W3C

– DRAFT –
ARIA-AT AT Driver Subgroup Monthly Teleconference

08 September 2025

Attendees

Present
ChrisCuellar, jugglinmike, Matt_King, mattking, mfairchild
Regrets
-
Chair
-
Scribe
ChrisCuellar, jugglinmike

Meeting minutes

Changes to today's agenda?

Matt_King: Do we have any info from BTT about advancing the status of AT-Driver? What is an MVP spec? How close are we to that? Who decides that?

jugglinmike: I can try to get an answer from the BTT chairs at the next meeting on Wednesday

Matt_King: That would be great! I would really like to know what critical gaps we have to fill to start moving this forward before the end of the year

jugglinmike: I'll take that as an action item.

Matt_King: We discuss any follow-up to the ARIA-AT CG agenda.

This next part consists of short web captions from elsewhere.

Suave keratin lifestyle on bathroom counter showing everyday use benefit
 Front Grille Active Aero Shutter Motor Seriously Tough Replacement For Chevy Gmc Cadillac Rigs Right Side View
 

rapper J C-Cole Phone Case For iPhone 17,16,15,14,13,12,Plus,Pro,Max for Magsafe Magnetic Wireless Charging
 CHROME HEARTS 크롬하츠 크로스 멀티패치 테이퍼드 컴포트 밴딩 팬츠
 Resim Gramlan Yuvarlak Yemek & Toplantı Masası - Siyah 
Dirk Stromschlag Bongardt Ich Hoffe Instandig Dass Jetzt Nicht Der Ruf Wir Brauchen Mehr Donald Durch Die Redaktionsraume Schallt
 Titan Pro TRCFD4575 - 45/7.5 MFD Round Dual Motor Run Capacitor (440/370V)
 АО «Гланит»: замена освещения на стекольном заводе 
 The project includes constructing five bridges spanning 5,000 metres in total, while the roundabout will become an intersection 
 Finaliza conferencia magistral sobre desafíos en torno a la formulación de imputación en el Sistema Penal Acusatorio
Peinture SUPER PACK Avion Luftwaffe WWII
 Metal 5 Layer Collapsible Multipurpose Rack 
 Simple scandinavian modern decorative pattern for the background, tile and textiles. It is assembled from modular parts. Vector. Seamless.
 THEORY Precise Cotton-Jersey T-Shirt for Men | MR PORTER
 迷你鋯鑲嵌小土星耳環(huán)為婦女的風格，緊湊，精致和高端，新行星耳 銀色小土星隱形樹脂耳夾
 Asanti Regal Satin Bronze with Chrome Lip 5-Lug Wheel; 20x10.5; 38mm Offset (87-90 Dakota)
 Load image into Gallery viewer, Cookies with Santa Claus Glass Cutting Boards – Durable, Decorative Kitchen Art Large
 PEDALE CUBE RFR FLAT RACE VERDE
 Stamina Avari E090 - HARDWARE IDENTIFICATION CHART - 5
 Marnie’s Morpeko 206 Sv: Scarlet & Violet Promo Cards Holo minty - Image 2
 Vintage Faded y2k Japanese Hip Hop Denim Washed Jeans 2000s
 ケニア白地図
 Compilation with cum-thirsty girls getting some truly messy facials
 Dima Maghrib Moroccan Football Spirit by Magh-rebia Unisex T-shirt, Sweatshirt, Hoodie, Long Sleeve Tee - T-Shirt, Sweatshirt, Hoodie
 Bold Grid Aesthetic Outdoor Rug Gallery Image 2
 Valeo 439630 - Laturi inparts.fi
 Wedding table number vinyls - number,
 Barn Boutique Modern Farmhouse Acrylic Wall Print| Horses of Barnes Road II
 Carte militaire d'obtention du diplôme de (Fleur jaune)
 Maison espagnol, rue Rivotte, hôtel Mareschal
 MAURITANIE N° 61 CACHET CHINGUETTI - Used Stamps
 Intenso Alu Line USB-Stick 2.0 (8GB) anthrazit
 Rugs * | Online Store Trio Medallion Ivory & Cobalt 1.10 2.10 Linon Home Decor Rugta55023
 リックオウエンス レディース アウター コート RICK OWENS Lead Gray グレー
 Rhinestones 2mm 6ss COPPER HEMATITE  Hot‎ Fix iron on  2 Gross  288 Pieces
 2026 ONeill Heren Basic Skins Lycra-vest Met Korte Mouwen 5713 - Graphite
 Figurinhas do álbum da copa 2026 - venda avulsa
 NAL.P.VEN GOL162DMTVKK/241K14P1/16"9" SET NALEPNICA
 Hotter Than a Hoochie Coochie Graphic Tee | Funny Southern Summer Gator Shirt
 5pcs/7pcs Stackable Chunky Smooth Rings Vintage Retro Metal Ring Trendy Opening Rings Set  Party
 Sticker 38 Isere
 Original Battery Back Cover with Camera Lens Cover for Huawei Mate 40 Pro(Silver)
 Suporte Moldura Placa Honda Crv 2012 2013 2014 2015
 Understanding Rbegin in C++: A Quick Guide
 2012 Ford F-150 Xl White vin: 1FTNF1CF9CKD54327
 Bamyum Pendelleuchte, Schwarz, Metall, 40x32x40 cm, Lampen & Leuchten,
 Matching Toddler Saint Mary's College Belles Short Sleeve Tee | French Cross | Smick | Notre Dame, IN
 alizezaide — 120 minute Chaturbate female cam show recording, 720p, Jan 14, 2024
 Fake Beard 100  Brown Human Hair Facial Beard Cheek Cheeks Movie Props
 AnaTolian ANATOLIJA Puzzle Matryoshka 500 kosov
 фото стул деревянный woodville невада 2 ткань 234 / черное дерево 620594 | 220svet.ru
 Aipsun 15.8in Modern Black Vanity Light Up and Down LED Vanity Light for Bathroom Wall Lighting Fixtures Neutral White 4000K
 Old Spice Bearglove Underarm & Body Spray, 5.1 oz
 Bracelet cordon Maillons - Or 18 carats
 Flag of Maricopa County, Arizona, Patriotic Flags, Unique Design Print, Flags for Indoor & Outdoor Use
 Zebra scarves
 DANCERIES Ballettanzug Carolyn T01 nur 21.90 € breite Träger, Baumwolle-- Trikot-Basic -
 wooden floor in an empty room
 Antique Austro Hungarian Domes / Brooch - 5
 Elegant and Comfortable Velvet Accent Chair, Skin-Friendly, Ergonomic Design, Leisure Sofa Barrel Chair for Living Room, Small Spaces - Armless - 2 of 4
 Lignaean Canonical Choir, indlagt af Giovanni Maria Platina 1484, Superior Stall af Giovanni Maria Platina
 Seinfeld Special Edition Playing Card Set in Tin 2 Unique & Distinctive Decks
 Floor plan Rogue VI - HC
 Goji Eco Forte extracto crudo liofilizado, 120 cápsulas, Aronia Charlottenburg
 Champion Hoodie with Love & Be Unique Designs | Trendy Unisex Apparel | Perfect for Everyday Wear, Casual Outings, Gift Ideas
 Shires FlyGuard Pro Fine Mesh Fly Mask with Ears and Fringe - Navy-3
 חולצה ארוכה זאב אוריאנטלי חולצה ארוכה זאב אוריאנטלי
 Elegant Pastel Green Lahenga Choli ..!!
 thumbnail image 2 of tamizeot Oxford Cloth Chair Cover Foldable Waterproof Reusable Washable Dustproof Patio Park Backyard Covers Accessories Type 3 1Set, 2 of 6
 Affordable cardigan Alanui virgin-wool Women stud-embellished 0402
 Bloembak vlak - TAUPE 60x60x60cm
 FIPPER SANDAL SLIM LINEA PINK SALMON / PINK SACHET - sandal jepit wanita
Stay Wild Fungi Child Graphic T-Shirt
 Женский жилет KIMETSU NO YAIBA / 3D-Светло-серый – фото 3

Screen Reader Speech Interruptions

github: w3c/at-driver#94

jugglinmike: We've always known that a screen reader makes decisions in rendering text when there's multiple concurrent messages. ARIA-live being polite or assertive is an example. But it's also common when navigating any web page. Right now, AT-driver is ignorant of those interruptions. This isn't new to us, we anticipated that this would someday be important for us. I'm bringing it up today really because of the work that Bocoup has been

doing to improve the consistency of the ARIA-AT automation.
… In our observations, there appear to be cases where we our tests catch multiple messages that don't seem to be rendered to a human user of the AT.
… So right now AT-driver may be reflecting what the AT is doing in a way that isn't meaningful to a human user.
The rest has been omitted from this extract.